Am 15.2.1940 zog das Ehepaar Menkel nach Bremen, weil hier Verwandte und seit dem 5.2.1940 ihr Sohn Kurt wohnten. Sie fanden kurzzeitig im Sodenstich 3 bei einer jüdischen Witwe Unterkunft, zogen dann für zwei Monate in die Fliederstraße 41b (ebenfalls jüdische Bewohner) und am 1.9.1940 zu ihren Verwandten in die Hemelinger Bahnhofstraße 16. Hier wohnte Siegfried Fränkel (siehe Biografie in diesem Band), der Schwager von Walters Bruder Karl. Den Beruf als Viehhändler konnte Walter Menkel aufgrund der antijüdischen Bestimmungen nicht mehr ausüben und war wie seine Ehefrau als Arbeiter bzw. Arbeiterin tätig.

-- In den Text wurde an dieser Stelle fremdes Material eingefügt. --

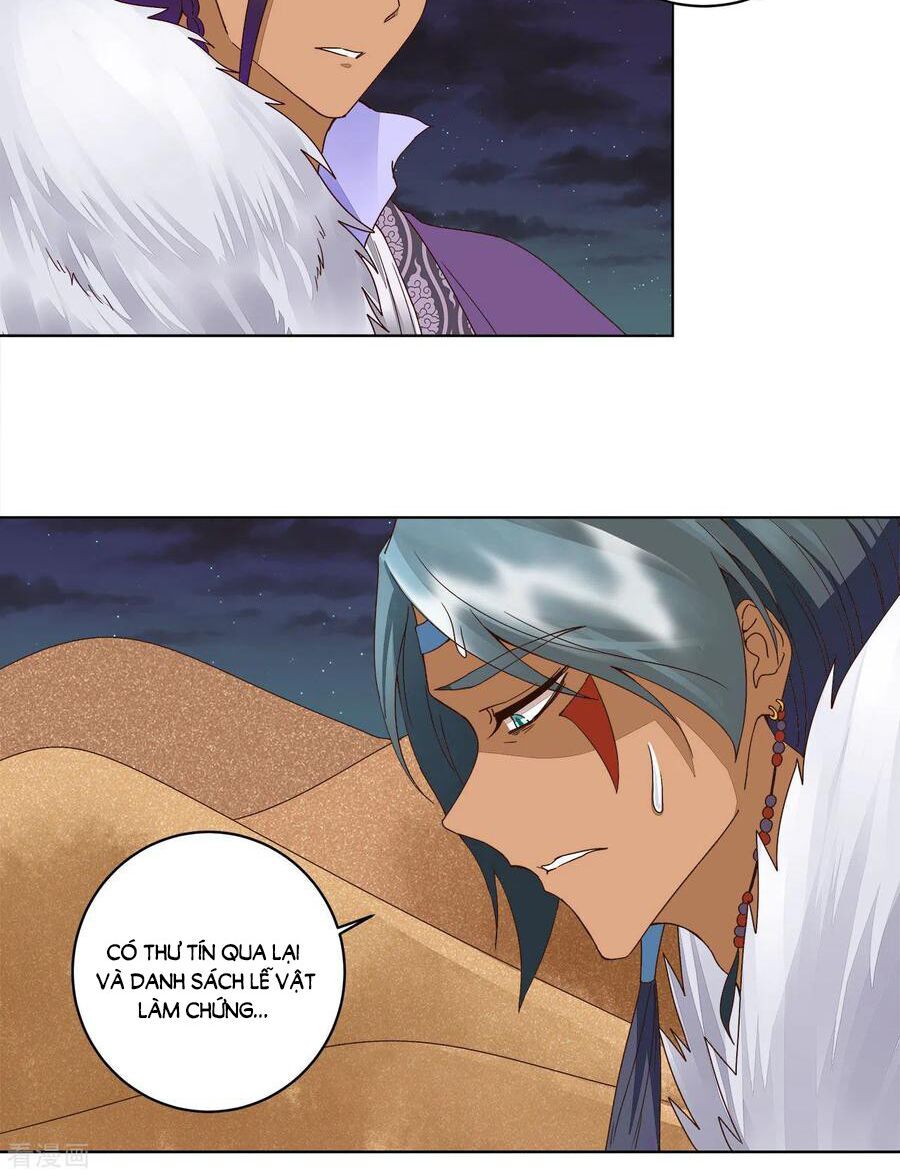 đọc truyện Dục Huyết Thương Hậu Chương 182 ảnh 13 tại Thiên Thai Truyện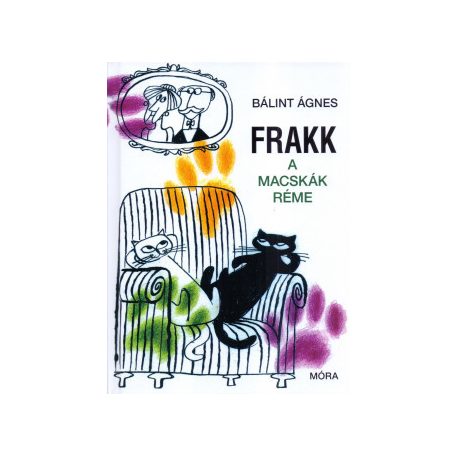 Frakk, a macskák réme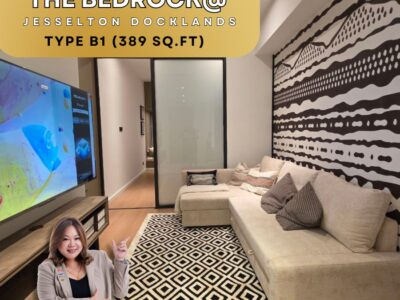 🏡 The Bedrock @ Dockland KK – Coastal Elegance Redefined
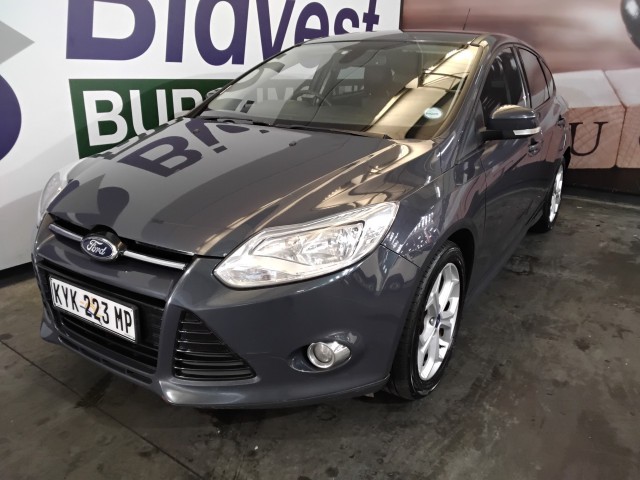BUY FORD FOCUS 2.0 TDCI TREND 5DR 2013, Burchmore Auction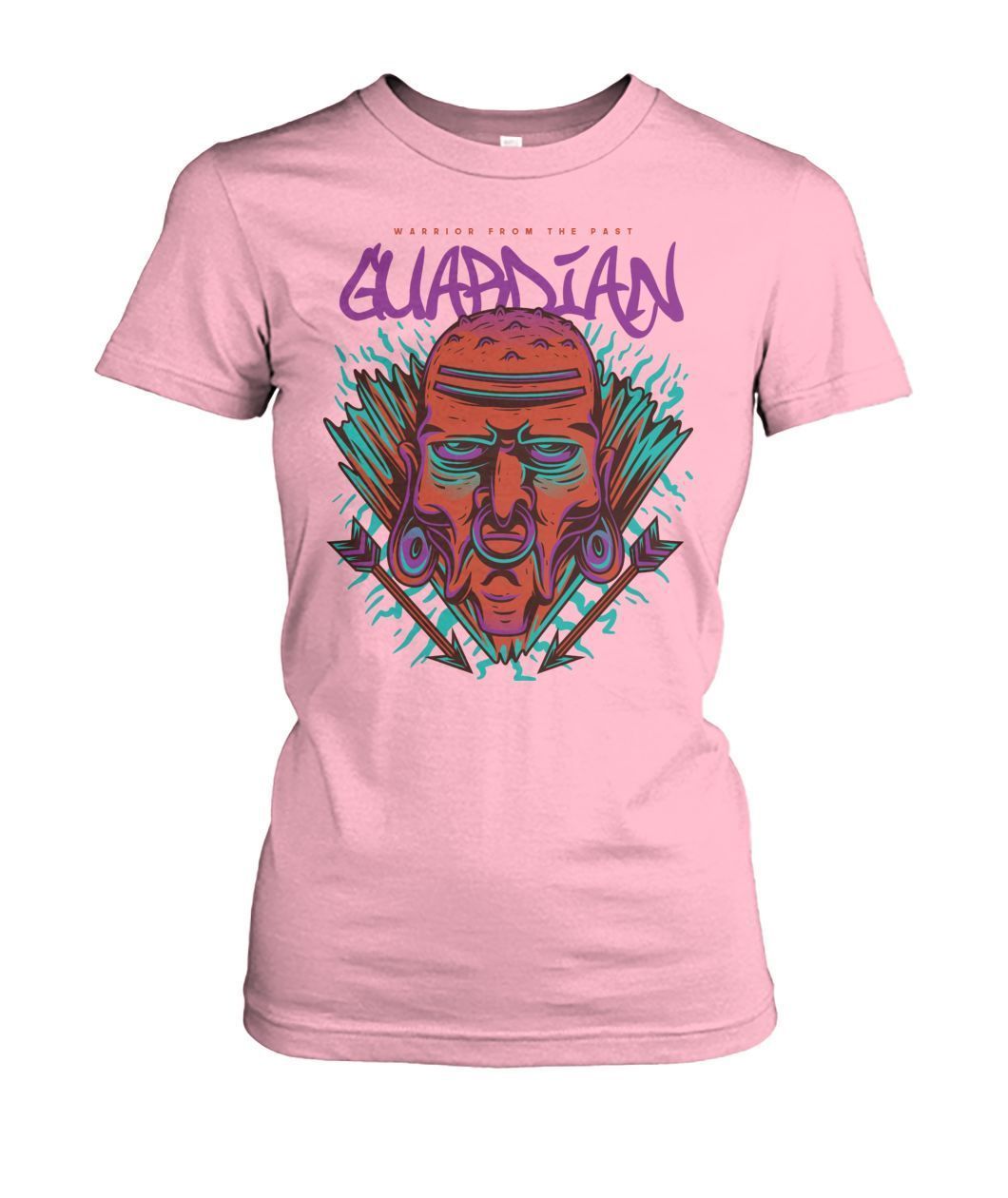 Guardian Women's Crew Tee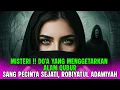 Download Lagu Misteri Doa Robiatul Adawiyah yang Menggetarkan ALAM KUBUR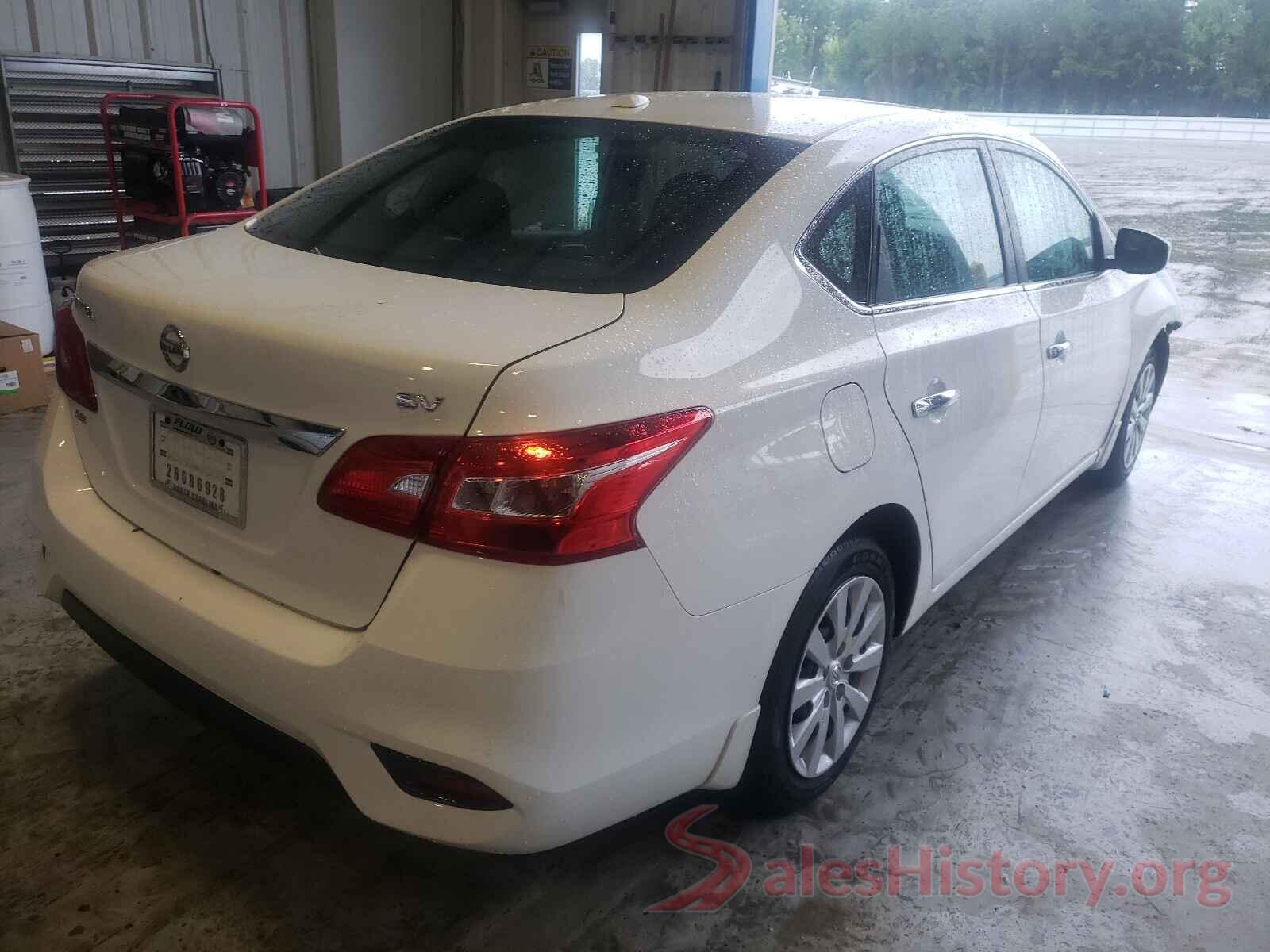 3N1AB7APXHY409064 2017 NISSAN SENTRA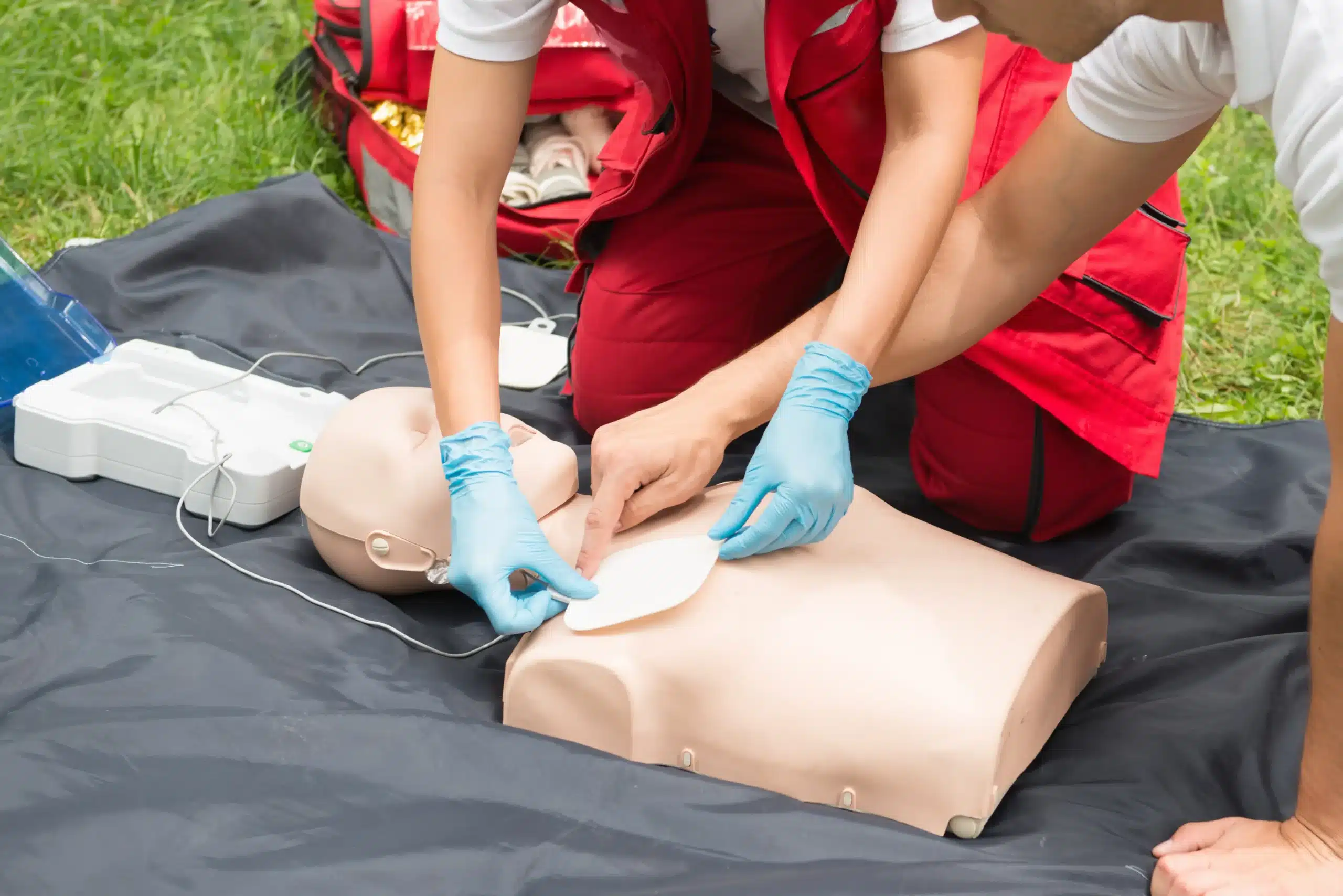 Find BLS Training Near Me: A Practical Guide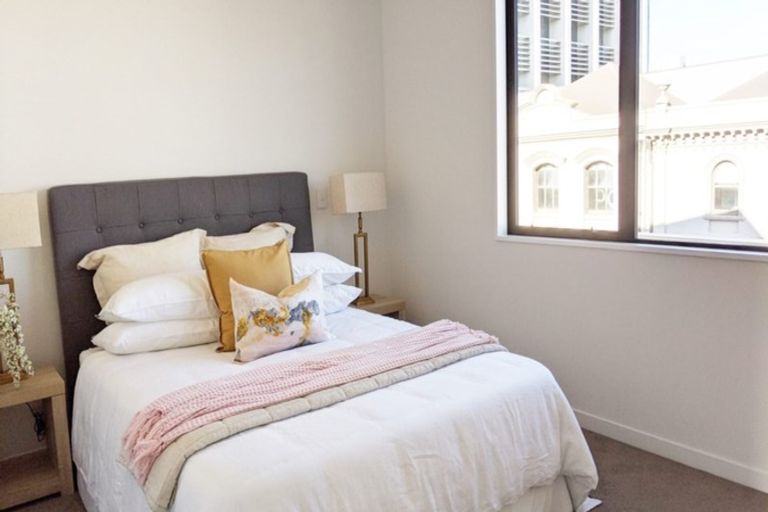 Photo of property in 3/201 Cashel Street, Christchurch Central, Christchurch, 8011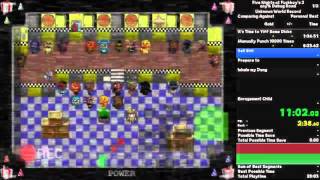 Five Nights at Fuckboy's 2 Any% Debug Room Speedrun in 20:12.83 (WR)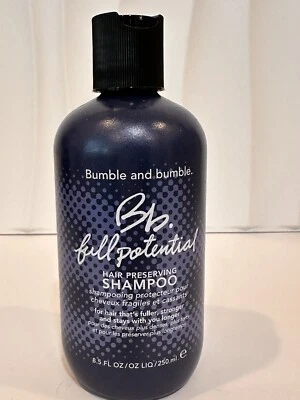 Bumble And Bumble Bb. Champú conservador del cabello Full Potential 8,5 oz Foto 1 de 2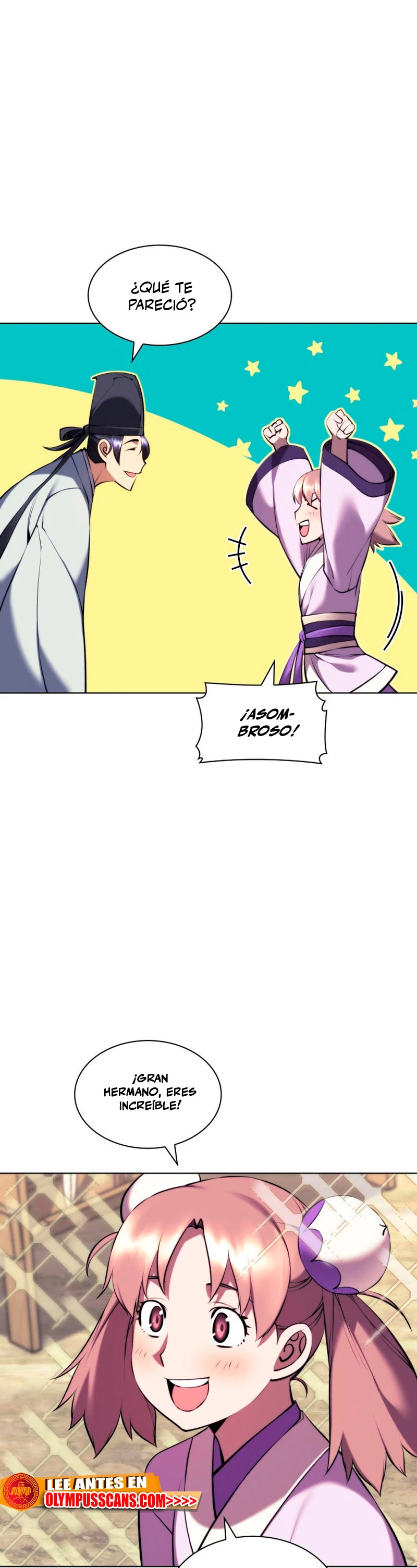 Registros del Erudito Espadachín > Capitulo 70 > Page 131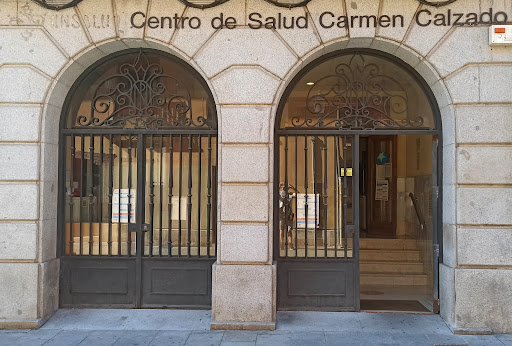 Centro De Salud Carmen Calzado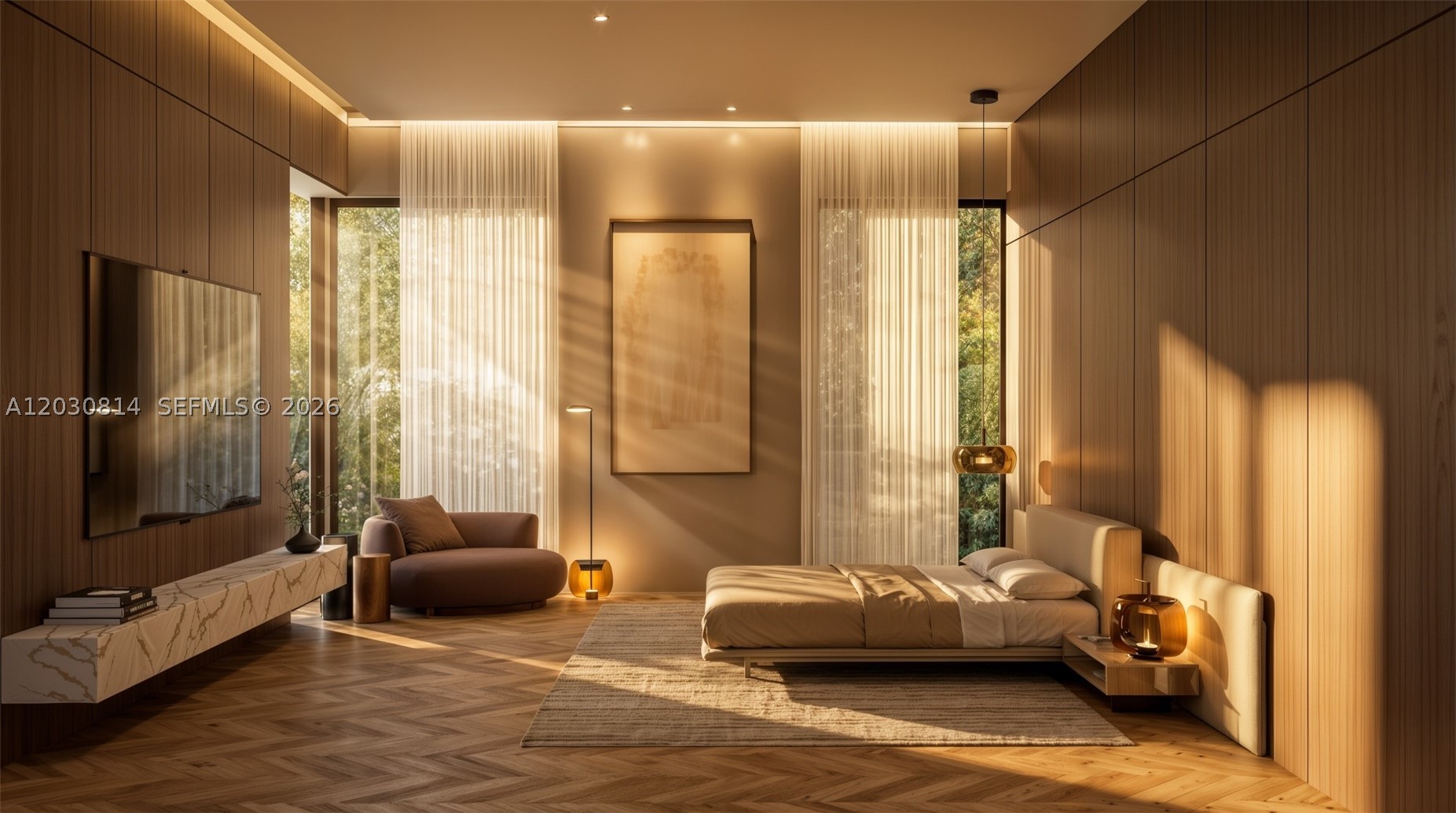 MARTIN SUBURBAN ACRES - Residential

Walters Sohn Kurt Menkel meldete sich am 2.8.1940 aus der Hemelinger Bahnhofstraße nach Polenzwerder bei Eberswalde ab. Dort betrieb die „Jüdische Nationale Jugend“ eine Hachschara-Ausbildungsstätte, die sich in einer ehemaligen Ziegelei befand. Sie war 1937 von der Organisation ausgebaut worden und bestand bis Ende Juni 1941. Vermutlich wollte sich Kurt hier für die Auswanderung nach Palästina (Alijah) vorbereiten lassen. Seine baldige Rückkehr am 14.7.1941 könnte mit der Schließung des Gutes Polenzwerder im Zusammenhang stehen. Nach wenigen Tagen Aufenthalt bei seinen Eltern fand er eine Unterkunft im Sodenstich 3, wo seine Eltern früher zeitweilig gewohnt hatten.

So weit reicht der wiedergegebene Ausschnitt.